While state Rep. Marsha Farney and challenger Terry Wilson share conservative views on abortion and immigration, they differ on whether to support House Speaker Joe Straus.

State Rep. Marshey Farney, left, and Terry Wilson, right.

GEORGETOWN — At a recent Republican forum in the Sun City community here, state Rep. Marsha Farney responded to a question about GOP House Speaker Joe Straus with a full-throated defense of the leader some conservatives view as too moderate.

“I think it’s unbelievable how people have maligned Joe Straus,” Farney said at the Feb. 4 event. “People have been to my office saying, ‘Are you going to support that Jew?’ So I say to them, when you say ‘Jew,’ do you mean Jesus Christ? ... I will support Joe Straus, and I want you to know up front how I’m going to vote because I believe it’s important to have integrity and to be honest with you.'”

The remarks highlighted a key difference between Farney, a state representative since 2013, and her first-ever primary challenger, retired Army Col. Terry Wilson. Both candidates in House District 20 say they want to extend anti-abortion policies, improve public education and end "sanctuary city" policies. But while Farney promised to vote for Straus a third time if she is re-elected — drawing boos from the conservative crowd — Wilson pledged to vote against him. 

"Unless," Wilson said, "there's someone even more liberal."

To Wilson's supporters — including conservative groups like Empower Texans and Texas Eagle Forum — Farney's backing of Straus is one sign she is not conservative enough. Empower Texans says she has worked against taxpayer protections and education reform, and Eagle Forum gave her a 54 percent rating based on last year's legislative session. Farney, meanwhile, says she's a "common-sense, pro-business conservative" who fights for retired teachers and doesn't worry about groups that compile scorecards based on lawmakers' voting records. 

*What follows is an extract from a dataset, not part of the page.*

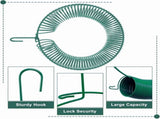 2X Peanut Wreath Bird 16 Inch, Rust & Waterproof, Solid Steel Durables Whole Peanut Wild Bird V1366-AZ2-W-14574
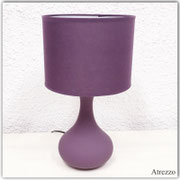 LAMPARA VELADOR MORADA/ REF: LAMP-056 / Medidas: 40 CMS ALTO / 1 Unidad / Arriendo: $6.000  / Garantía: $15.000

She said she tells such groups: “My vote’s not for sale. You do whatever you want to — just spell my name right."

Farney has picked up support from organizations including the National Rifle Association and the Texas Alliance for Life. But she is one of 16 House incumbents being targeted by Empower Texans — all of which have supported Straus. The organization, run by activist Michael Quinn Sullivan, sent mailers to voters in Farney's district saying her vote against an amendment in a 2015 border security bill amounted to choosing "diversity training over border security."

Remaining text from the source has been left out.